How to Properly Report Currency Income
So, you received currency, correctly recorded the income at the NBU rate, waited for a favorable moment, and sold it. What’s next? You need to properly reflect this income in your tax reporting.
Declaration for Group 3 Sole Proprietors: deadlines and rules
Group 3 sole proprietors who are allowed to work with currency are required to submit a tax declaration quarterly. The declaration must be submitted within 40 days after the end of the reporting quarter. Taxes must be paid by the 20th day of the month following the reporting period.
In the declaration, you indicate all your income for the quarter in hryvnias. If you received currency – each payment is converted at the NBU rate on the date of receipt and then summed up.
Example:
| Date | Amount | NBU Rate | Income in UAH |
|---|---|---|---|
| 10.10 | $2000 | 41,50 | 83 000 |
| 15.11 | $1500 | 41,80 | 62 700 |
| 20.12 | $3000 | 42,00 | 126 000 |
Total income for the quarter: 271 700 UAH.
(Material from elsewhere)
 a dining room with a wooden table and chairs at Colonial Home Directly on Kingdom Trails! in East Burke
Manual accounting or automation?
You can track currency income manually. Create a spreadsheet in Excel or Google Sheets where you record the date of each receipt, the amount in currency, the NBU rate for that day, and the hryvnia equivalent. Add a column with the currency sale date and sale rate – for your own control, to see whether you gained or lost on the exchange rate. At the end of the quarter, sum up all hryvnia equivalents and enter the total amount in the declaration.
It sounds simple, but in practice it is easy to make a mistake. And an error in the declaration is already a reason for a tax audit. To avoid calculating everything manually and risking mistakes, there are automated solutions.
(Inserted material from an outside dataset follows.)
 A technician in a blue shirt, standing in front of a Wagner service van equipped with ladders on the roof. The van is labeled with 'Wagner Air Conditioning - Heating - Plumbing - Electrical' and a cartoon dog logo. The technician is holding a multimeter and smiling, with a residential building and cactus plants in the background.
If it’s complicated – delegate your accounting to professionals
Our experienced accountants will analyze your business, take all nuances into account, and ensure complete order in your reports and taxes.
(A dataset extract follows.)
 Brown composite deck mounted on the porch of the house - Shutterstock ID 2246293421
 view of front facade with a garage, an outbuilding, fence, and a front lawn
What a Sole Proprietor Must Keep
Sole proprietors who work with currency and receive income from foreign clients are under increased attention from the tax authorities. Therefore, your task #1 is to have a complete set of documents confirming the legality of each receipt. You must store them for at least 3 years, and preferably 7 years, because in some cases the tax authorities may conduct a deeper audit. What documents exactly?
- Contracts with foreign clients;
- Bank statements with all incoming payments;
- Invoices and completion certificates;
- Correspondence with clients (if needed to confirm that this is payment for work and not some other funds).
If some of these documents are missing, a situation may arise where the tax authority says: “You declared income of 500 thousand hryvnias, but did not prove that this is income from entrepreneurial activity. Maybe it is a gift, maybe a loan, maybe something else. Prove that this is income.” And if you cannot prove it – you may be assessed additional taxes or fined for incorrect declaration.
Conclusion
Working with currency income for sole proprietors is not as complicated as it may seem at first glance, but it requires attention and understanding of the rules. The main thing to remember:
- currency = income in hryvnias at the NBU rate on the date of receipt;
- exchange rate differences do not change taxable income – neither up nor down;
- bank fees do not reduce income;
- documents must be stored for at least 3 years, preferably 7.
If you record each receipt with the correct date and rate, submit declarations on time, and have all supporting documents – tax risks are minimal. Even during an audit, you will be able to easily prove the correctness of your accounting.
Exchange rates constantly fluctuate, so in addition to proper taxation, it is also important to manage the currency itself wisely: monitor the rate, do not rush to sell at an unfavorable moment, use auto-conversion at a target rate, and compare offers from different banks. Even a few cents of difference can turn into thousands of hryvnias in savings.